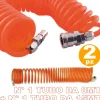 2 TUBI TUBO ARIA COMPRESSA FLESSIBILE PER COMPRESSORE 8 15 METRI INNESTI RAPIDII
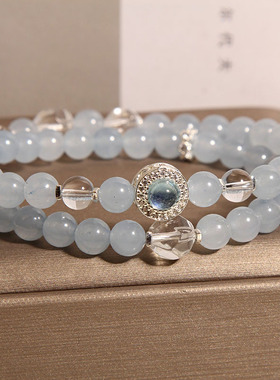 新中式海蓝宝白水晶双圈手链女款轻奢小众海蓝宝魔盒转运水晶手串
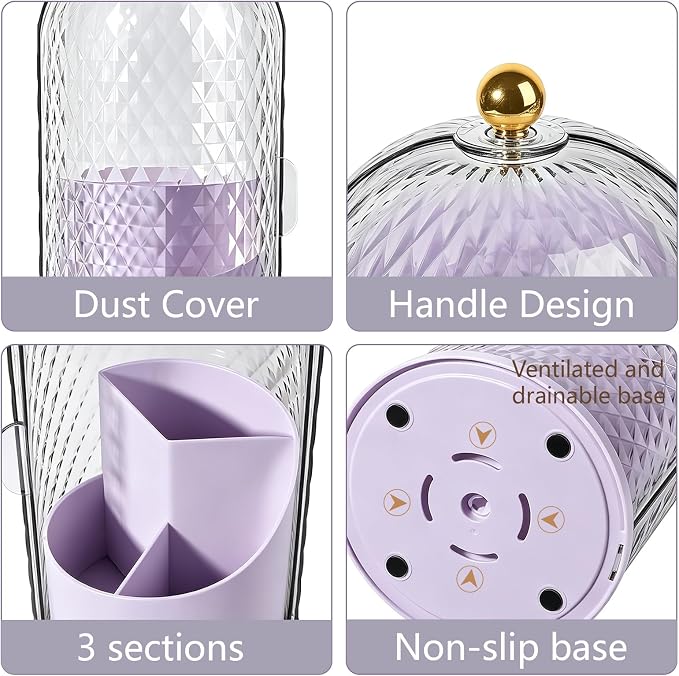 Toothbrush Holder with Cover for Bathroom Countertop, Toothpaste, Self Draining - Image 4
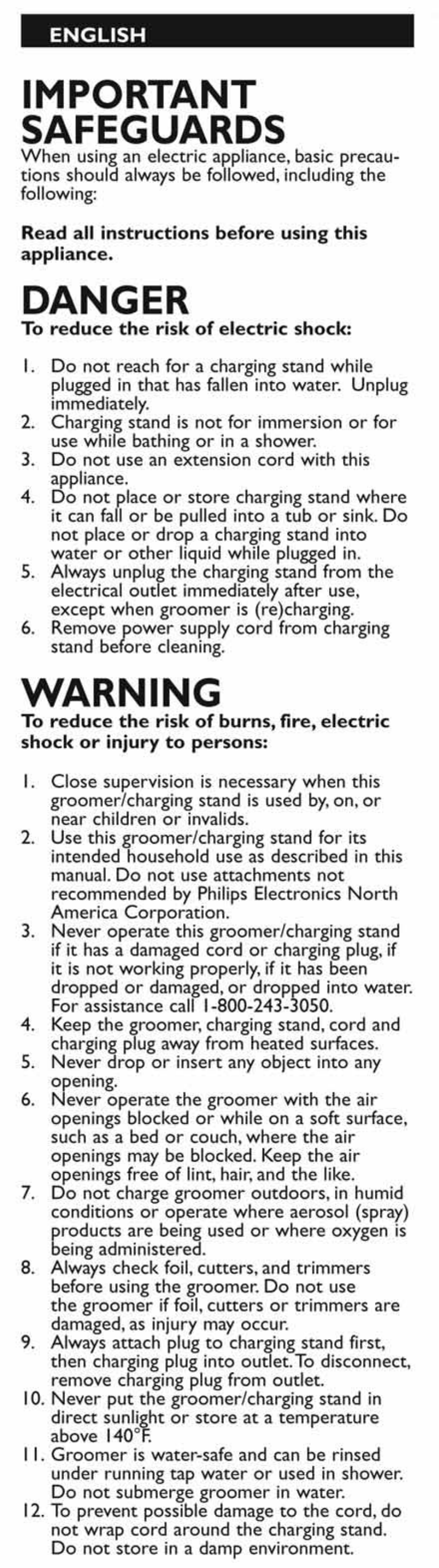 Read all instructions before using this appliance, To reduce the risk of burns, fire, electric, Important safeguards | Danger, Warning | Philips BG2030-60 User Manual | Page 2 / 11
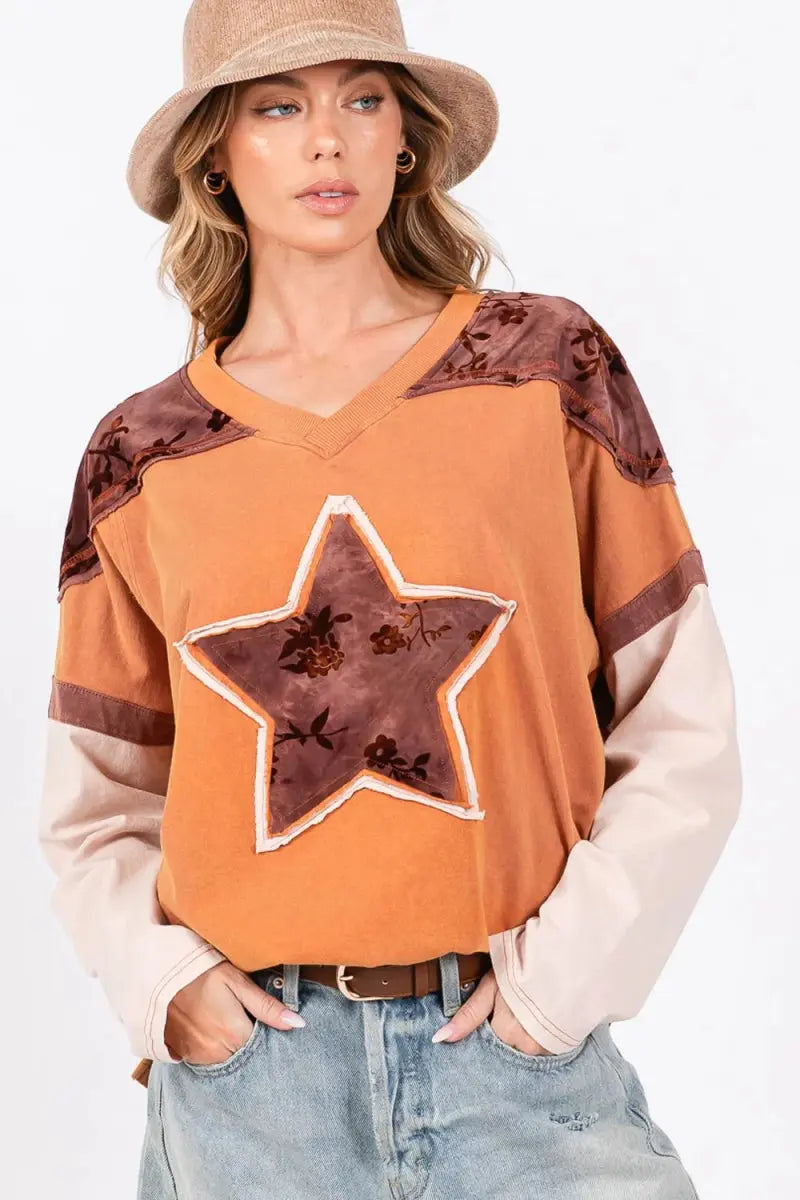 Star Patch Colorblock Women&amp;#39;s T-Shirt USA Shipped Long Sleeve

**Assignment**
Having located the line with "Read all instructions", transcribe exactly and only the lines from it to the final line of the material, skipping the pictures.

**Answer to this problem**
 Read all instructions before using this appliance, To reduce the risk of burns, fire, electric, Important safeguards | Danger, Warning | Philips BG2030-60 User Manual | Page 2 / 11
 Star Patch Colorblock Women&amp;#39;s T-Shirt USA Shipped Long Sleeve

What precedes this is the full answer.